The investment pool invests into an ETH-USDC liquidity pool where half of the USDC pool is converted to ETH and provided as supply tokens to Alpha Homora (a DeFi protocol that leverages liquidity pools). These supply tokens are used as collateral for creating a 2x leveraged position on a basket of ETH-USDC liquidity pools.
The strategy is less volatile than ETH, where a 10% increase in ETH will result in a 7.9% growth of the strategy investment pool. Still, the investment pool will capture approximately a 45% ROI from fees and rewards.
This strategy may not keep up with ETH in a sharp bull market but will be less volatile than the ETH price due to the income from the fees.
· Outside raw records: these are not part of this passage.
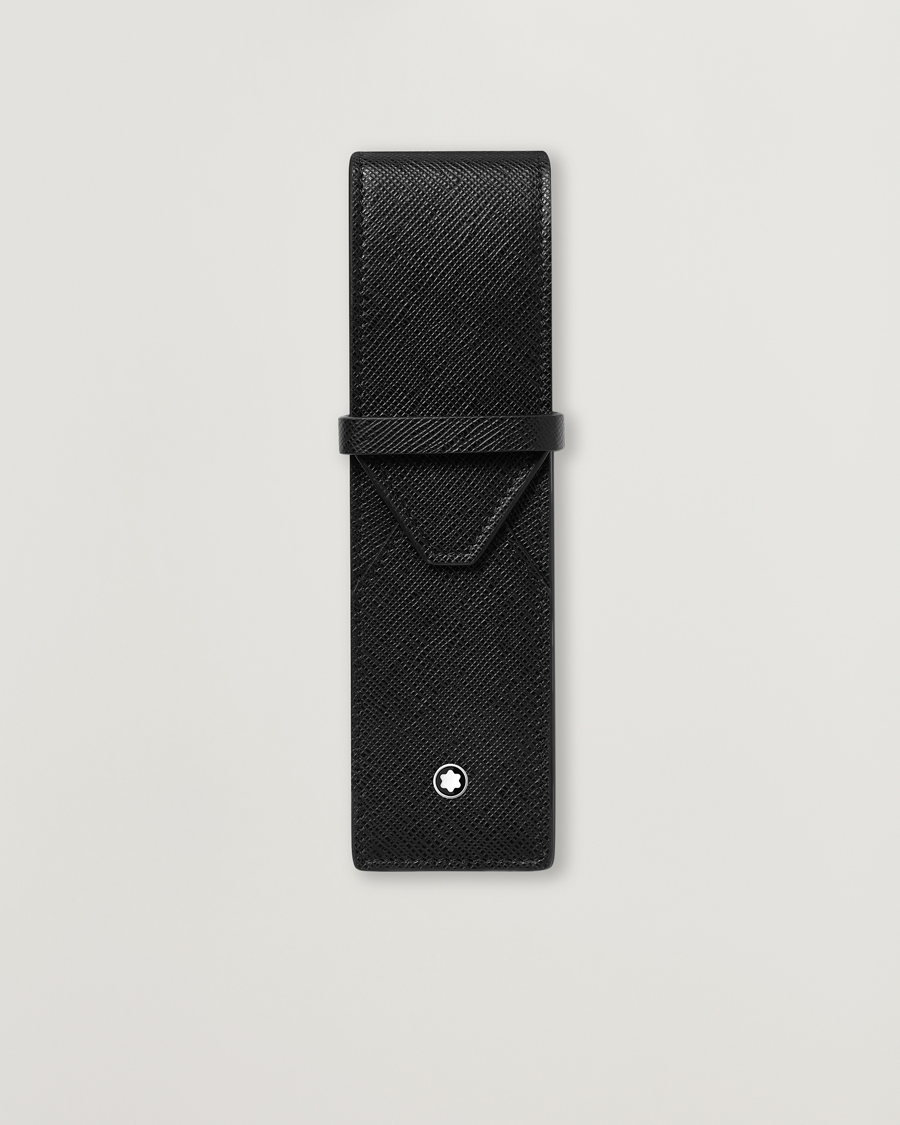 Herren | Montblanc Sartorial 2-Pen Pouch Black | Montblanc | Sartorial 2-Pen Pouch Black
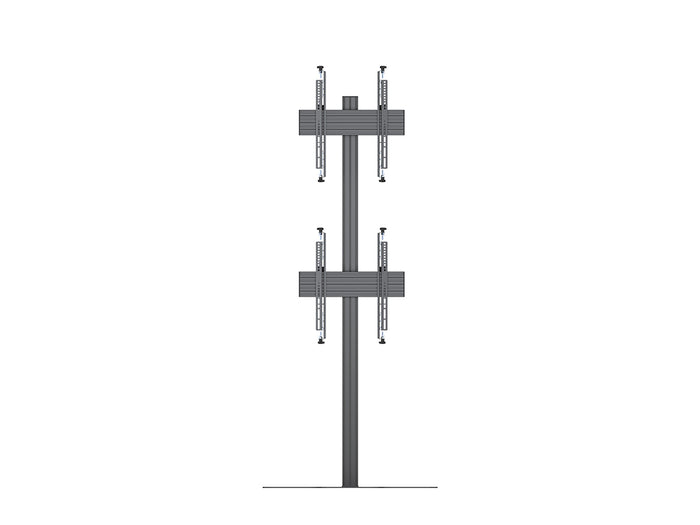 Multibrackets MBFSC2U M Floorstand Column Pro - (40"-75") Floor Stand Multibrackets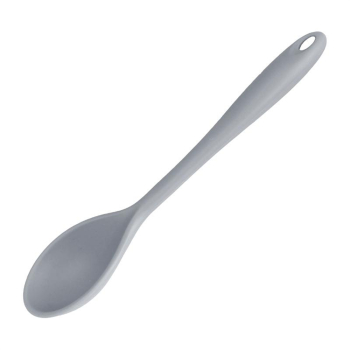 Vogue Silicone High Heat Cooki ng Spoon Grey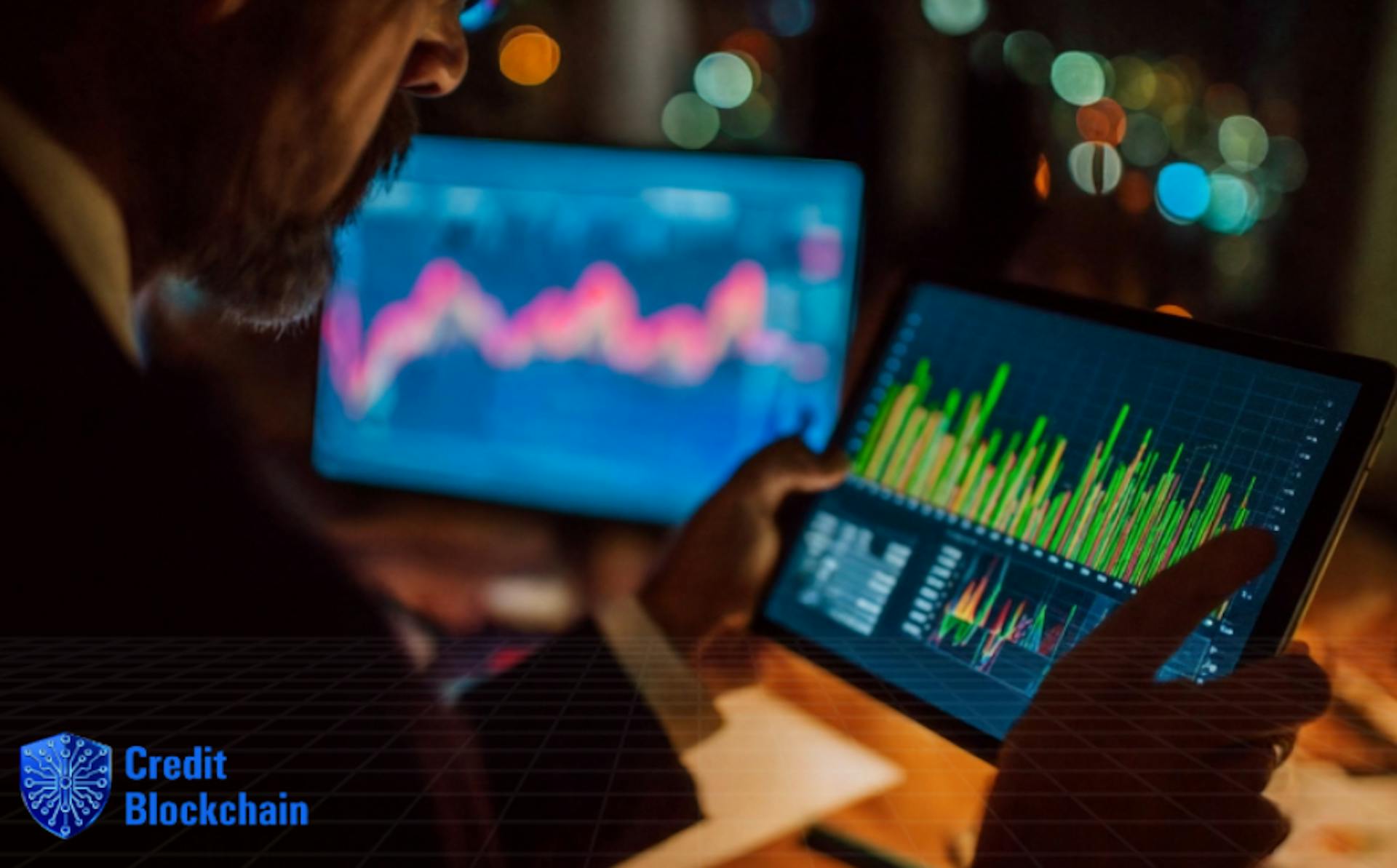 featured image - Crypto Volatility Pushes Investors Toward Credit Blockchain’s Structured Wealth Model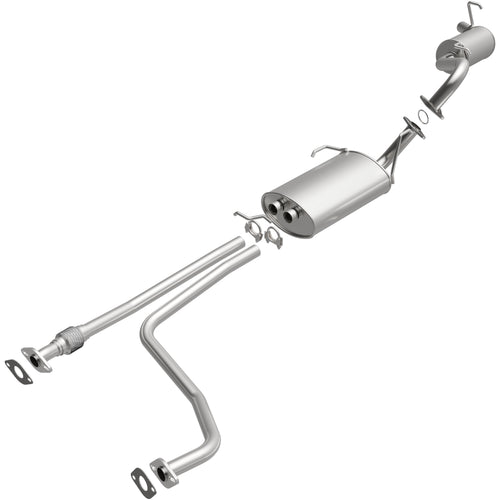 BRExhaust 1996-2000 Nissan Pathfinder 3.3L | 1997-2000 INFINITI QX4 3.3L Direct-Fit Exhaust System Kit 106-0712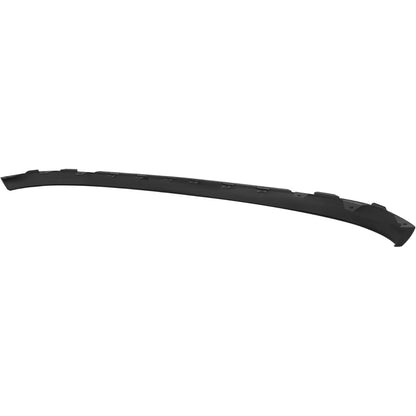 KUAFU Front Bumper Valance Extension Compatible with 2011-2014 Chevy Chevrolet Silverado 2500 HD 3500 HD Replacement for 20845670 GM1095195 Lower Air Dam Deflector Spoiler Extension Plastic Black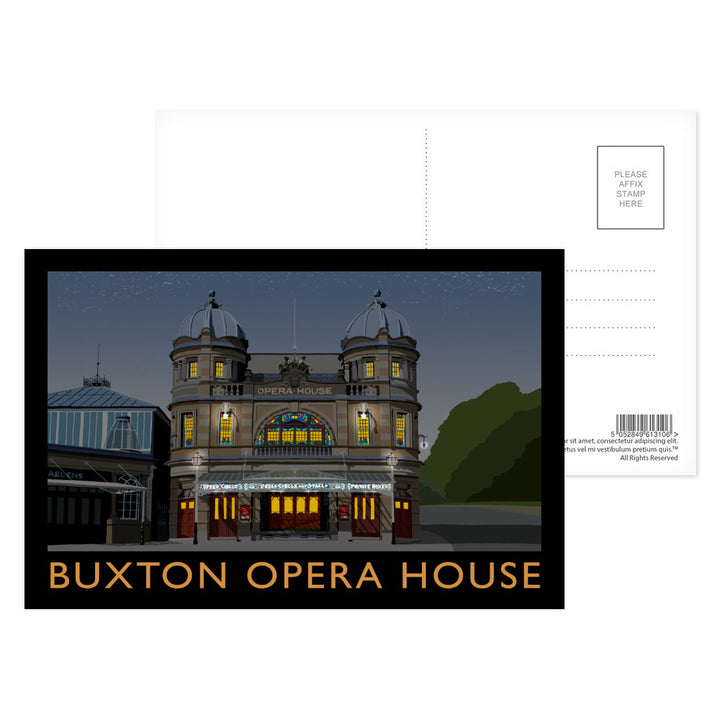 Buxton Opera House, Derbyshire Postcard Pack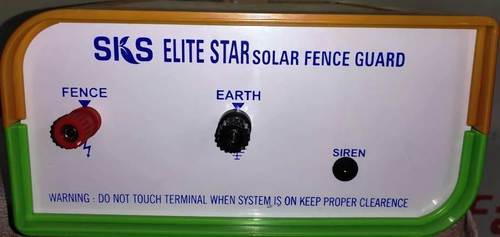 Mild Steel Solar Fence Zatka Machine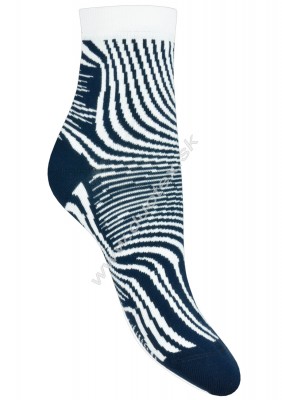 Dámske ponožky w84.01p-vz.178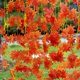 thumbnail image 4 of 12 Strands Fall Maple Leaves Autumn Ivy Garland Artificial Maple Vines Garland for Thanksgiving,Chri, 4 of 5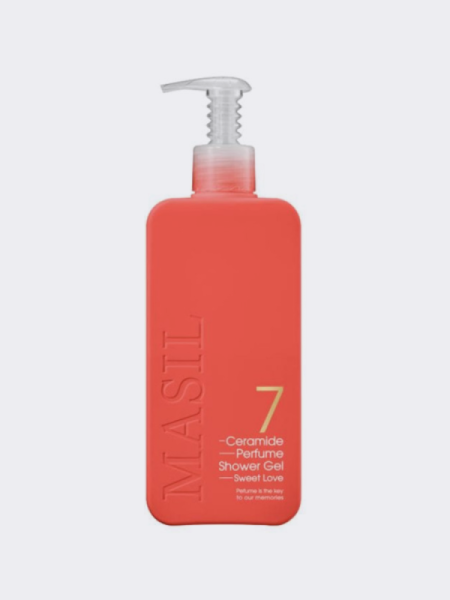 Смягчающий парфюмированный гель для душа с керамидами MAXI Masil 7 Ceramide Shower Gel Sweet Love Смягчающий парфюмированный гель для душа с керамидами MAXI Masil 7 Ceramide Shower Gel Sweet Love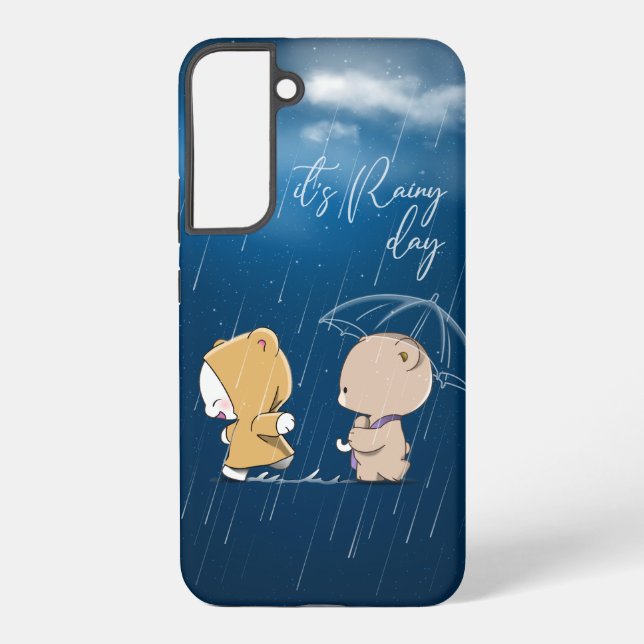 It's rainy day |  samsung galaxy s22+ case (Back)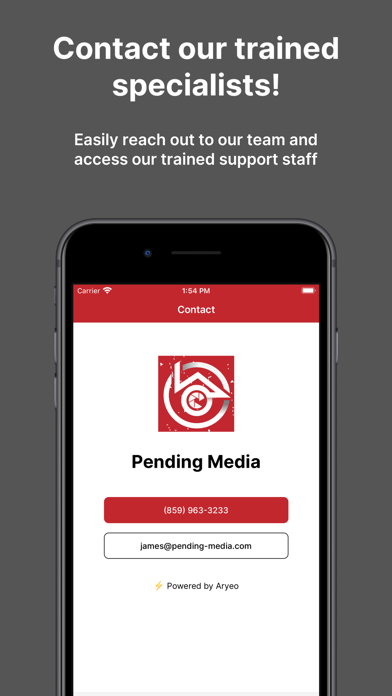 Pending Media Screenshot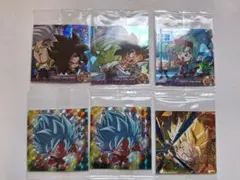 ドラゴンボール 超戦士シール ウエハース 孫悟飯 孫悟空 ピッコロ ブルマ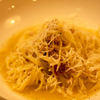ボロッティ - 料理写真:ハーブとシチリアの塩で煮込だ鶏粗挽きラグー生スパゲッティ
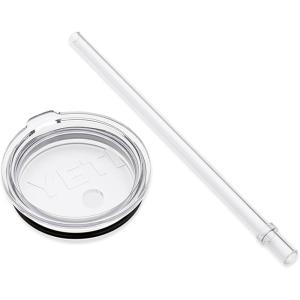 YETI Rambler Replacement Lid with Straw Fits 42 oz Straw Mug(Medium)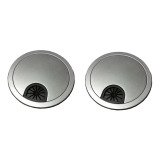 En_anelli passacavi diam 60mm grigio 2 pezzi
In addition, the investment pool still has exposure to ETH so it will benefit from an increase in the ETH price.
Midas Investment - Soft Long on ETH Expected Returns
This is how Midas present the expected returns of the soft long on ETH investment pool:
[Fees from ETH-USDC liquidity pool (~13% ROI) + trading fees from Uniswap (~10% ROI)] * 2 (Alpha Homora leverage) – borrow APR for leverage (0.8%) = approximately 45% ROI.
(13+10)*2 – 0.8 = 45%
Midas Soft Long on ETH Pros and Cons
- Efficiency. You will earn high yields at the same time as you have exposure to the ETH price.
- Liquid asset. You can enter and exit the investment pool at any time
- Transparency. You can track the performance via on-chain analytics
- Limited Availability. The availability of this strategy is calculated based on the liquidity within the strategy and can be limited.
- Defi Protocol Risk. Even if Midas builds strategies on top of fully audited protocols that have proven their sustainability there are always risks with Defi protocols.
Midas Soft Long on ETH Fees
There are performance fees and swap fees.
Performance fee: 15% of weekly profit (only if the strategy has generated profit); fees are deducted directly from each week’s strategy shares. The user retains the same number of SLETH tokens, but the price of each token is less than the success reward.
From Stables to Strategy — 0% platform fee + ~0.2% market spread
From ETH to Strategy — 0.3% platform fee + ~0.2% market spread
From BTC to Strategy — 0.3% platform fee + ~0.2% market spread
From MIDAS to Strategy — 1.1% platform fee + ~0.2-0.8% market spread
From all others to Strategy — 0.2% platform fee + ~0.2-0.8% market spread
MIDAS buyback: 2% (of the 15%) shall be used toward a MIDAS token buyback.
Midas GLP Index Token Review
We invested $4000 USDC in the Midas Investment GLP Index Token CeDefi strategy on the 23rd of September 2022, as shown with a dot marked in the print screen below.
On the 1st of November, $4285 corresponds to a 7% increase.
Description GLP Index Token Strategy
The GLP Index Token Cedefi strategy from Midas Investment is an excellent, reasonably low-risk way to receive exposure to ETH and BTC along with a significant and sustainable ETH yield (~30%).
Stablecoins account for around 40-45% of the index, while BTC and ETH have rounded out the remaining 50-55% of the index.
The GLP index token Cedefi strategy is, therefore, similar to a soft long exposure on ETH (~0.25x) and BTC (~0.25x).
In addition, investors will be eligible for ETH-denominated yield derived from activities performed by traders from the decentralized trading platform GMX.
The GLP token index Cedefi strategy will perform best during choppy markets when traders are most likely to lose money.
GLP Index Token Sources of yield
- 20% of the total yield comes from fees paid by traders on GMX. Fees are collected from swapping assets using GLP liquidity, opening and closing their leveraged positions on GMX, and liquidations on GMX.
- 80% of the total yield comes from traders’ losses: When traders lose money, their net losses are GLP’s net profits. GLP is effectively the counterparty for traders.